**TASK TO CARRY OUT:**
After locating the line that contains "7 Spaces for Learning" in the data below, set down exactly that line and each one after it through the line that contains "Sweter z golfem Basic bordeaux red", and nothing more.

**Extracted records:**
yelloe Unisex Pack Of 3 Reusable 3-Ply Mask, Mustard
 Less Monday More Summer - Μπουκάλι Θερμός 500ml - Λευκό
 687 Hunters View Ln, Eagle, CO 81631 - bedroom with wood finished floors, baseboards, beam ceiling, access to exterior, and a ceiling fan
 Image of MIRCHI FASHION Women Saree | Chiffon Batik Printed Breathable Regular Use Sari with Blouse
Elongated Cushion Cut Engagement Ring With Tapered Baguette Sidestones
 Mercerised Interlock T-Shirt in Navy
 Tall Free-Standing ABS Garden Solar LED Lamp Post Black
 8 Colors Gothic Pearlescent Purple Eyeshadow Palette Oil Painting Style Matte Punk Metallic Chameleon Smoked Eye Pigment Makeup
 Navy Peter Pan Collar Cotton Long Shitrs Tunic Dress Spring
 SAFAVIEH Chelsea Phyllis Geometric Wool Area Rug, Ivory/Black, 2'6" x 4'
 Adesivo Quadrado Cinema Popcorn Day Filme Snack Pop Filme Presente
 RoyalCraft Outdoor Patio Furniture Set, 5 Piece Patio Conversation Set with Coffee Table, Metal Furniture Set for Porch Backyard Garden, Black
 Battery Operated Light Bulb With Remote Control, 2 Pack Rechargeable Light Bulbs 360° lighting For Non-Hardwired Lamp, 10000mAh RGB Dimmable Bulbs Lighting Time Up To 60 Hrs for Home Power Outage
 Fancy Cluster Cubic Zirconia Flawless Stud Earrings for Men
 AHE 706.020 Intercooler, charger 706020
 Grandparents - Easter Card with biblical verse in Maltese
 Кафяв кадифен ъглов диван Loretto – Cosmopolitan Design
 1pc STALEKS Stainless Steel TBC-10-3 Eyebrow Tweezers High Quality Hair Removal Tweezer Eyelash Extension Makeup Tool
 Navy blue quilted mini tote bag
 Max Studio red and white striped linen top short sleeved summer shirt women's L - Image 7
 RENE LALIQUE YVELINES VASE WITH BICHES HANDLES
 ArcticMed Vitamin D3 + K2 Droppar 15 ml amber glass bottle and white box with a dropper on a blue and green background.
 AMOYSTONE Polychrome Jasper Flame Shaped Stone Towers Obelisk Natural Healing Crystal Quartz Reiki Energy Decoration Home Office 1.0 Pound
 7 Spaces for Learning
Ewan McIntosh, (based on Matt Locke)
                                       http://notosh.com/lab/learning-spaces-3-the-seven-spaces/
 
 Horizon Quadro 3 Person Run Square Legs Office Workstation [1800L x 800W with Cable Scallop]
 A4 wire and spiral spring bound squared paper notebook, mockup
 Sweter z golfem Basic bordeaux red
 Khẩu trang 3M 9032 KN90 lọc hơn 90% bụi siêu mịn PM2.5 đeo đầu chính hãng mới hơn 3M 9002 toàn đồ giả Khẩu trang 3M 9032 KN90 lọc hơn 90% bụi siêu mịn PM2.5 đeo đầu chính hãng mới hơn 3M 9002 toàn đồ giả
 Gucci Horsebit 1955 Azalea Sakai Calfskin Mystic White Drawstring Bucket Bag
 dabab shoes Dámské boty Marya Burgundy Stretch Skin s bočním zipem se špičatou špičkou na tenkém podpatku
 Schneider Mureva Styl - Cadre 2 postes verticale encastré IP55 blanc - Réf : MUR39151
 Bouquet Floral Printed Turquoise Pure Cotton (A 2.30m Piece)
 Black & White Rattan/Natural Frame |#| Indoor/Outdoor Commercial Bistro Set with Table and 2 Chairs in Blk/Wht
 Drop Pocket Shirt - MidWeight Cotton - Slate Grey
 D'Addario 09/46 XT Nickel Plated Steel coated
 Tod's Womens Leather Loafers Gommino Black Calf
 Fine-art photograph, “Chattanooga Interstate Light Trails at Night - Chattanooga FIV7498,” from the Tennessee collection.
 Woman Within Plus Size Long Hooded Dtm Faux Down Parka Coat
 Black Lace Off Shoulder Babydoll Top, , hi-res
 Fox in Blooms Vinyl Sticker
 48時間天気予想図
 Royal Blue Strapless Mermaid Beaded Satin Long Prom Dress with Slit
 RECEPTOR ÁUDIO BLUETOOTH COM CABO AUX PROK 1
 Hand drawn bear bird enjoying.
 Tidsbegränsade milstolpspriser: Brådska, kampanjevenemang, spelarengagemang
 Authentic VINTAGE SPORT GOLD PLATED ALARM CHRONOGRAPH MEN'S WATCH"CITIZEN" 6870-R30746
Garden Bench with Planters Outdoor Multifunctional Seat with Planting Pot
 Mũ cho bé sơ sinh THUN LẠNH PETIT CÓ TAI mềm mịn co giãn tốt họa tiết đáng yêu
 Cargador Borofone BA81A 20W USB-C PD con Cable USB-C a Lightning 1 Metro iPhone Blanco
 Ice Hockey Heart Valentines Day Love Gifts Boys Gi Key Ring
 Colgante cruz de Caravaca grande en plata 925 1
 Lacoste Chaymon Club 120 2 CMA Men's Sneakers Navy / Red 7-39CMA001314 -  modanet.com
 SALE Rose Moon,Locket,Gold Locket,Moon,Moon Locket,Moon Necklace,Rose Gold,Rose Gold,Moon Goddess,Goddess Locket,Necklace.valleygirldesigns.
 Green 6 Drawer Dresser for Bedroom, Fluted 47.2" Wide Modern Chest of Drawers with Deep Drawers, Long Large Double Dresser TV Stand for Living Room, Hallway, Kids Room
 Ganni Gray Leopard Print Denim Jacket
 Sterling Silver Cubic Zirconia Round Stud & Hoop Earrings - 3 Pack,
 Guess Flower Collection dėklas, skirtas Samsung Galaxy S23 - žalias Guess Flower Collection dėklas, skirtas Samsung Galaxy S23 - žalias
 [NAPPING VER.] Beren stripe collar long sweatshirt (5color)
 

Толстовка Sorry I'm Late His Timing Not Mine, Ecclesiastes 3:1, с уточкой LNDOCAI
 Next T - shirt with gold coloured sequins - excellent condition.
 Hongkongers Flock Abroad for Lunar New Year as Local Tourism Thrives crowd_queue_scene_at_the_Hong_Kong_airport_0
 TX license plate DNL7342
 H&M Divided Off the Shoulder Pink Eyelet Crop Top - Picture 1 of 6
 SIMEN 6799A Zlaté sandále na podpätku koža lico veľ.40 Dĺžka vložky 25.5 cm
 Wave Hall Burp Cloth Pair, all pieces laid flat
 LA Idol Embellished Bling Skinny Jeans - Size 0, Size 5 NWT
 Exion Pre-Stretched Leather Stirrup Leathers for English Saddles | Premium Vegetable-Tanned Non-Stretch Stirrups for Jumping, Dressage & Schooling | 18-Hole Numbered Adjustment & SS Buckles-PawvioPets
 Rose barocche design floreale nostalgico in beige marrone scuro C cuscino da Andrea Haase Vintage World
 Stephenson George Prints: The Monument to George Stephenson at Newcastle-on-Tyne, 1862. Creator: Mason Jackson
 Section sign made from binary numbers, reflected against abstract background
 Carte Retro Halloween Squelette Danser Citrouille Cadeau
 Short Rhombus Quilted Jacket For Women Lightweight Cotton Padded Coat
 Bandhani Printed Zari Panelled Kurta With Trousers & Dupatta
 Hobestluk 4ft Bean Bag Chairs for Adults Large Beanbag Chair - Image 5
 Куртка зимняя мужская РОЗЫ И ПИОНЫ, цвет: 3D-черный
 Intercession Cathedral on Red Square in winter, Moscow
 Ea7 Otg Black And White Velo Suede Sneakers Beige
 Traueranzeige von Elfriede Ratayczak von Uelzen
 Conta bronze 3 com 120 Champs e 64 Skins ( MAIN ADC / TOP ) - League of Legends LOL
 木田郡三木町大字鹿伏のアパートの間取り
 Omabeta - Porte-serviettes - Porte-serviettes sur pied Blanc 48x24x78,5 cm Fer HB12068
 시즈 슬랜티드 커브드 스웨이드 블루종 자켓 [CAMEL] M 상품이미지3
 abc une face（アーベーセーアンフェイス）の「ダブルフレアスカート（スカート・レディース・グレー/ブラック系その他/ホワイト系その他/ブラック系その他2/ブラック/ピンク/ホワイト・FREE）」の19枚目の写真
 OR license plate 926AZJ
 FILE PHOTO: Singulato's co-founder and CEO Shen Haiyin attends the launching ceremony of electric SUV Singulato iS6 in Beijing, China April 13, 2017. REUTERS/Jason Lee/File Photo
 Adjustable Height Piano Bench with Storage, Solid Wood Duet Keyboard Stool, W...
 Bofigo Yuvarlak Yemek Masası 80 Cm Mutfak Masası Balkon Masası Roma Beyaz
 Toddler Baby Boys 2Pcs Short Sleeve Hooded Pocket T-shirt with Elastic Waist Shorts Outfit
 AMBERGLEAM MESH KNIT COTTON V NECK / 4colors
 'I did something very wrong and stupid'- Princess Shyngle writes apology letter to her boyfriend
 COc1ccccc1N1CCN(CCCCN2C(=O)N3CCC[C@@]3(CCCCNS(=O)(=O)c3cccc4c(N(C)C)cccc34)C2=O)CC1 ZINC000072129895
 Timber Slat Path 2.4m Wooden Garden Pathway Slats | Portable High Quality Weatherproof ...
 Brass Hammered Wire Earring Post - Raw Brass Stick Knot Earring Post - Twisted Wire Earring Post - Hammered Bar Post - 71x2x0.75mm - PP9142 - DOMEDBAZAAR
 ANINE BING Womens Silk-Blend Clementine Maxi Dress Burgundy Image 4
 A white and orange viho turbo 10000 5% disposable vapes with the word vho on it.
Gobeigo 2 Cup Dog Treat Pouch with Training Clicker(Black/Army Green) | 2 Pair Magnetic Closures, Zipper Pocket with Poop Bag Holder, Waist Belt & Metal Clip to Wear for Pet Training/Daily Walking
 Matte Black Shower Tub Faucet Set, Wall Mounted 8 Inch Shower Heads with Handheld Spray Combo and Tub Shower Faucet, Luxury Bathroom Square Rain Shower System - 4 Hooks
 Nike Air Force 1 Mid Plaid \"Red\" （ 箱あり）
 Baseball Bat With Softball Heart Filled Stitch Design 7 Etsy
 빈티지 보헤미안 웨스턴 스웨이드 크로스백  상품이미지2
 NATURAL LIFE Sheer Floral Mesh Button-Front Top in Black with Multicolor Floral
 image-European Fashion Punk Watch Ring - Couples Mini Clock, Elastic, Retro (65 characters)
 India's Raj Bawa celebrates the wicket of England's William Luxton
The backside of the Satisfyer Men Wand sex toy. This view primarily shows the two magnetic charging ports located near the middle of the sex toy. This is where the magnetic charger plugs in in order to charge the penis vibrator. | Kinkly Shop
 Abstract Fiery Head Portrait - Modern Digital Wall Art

**WRITTEN RESPONSE:**
 7 Spaces for Learning
Ewan McIntosh, (based on Matt Locke)
                                       http://notosh.com/lab/learning-spaces-3-the-seven-spaces/
 
 Horizon Quadro 3 Person Run Square Legs Office Workstation [1800L x 800W with Cable Scallop]
 A4 wire and spiral spring bound squared paper notebook, mockup
 Sweter z golfem Basic bordeaux red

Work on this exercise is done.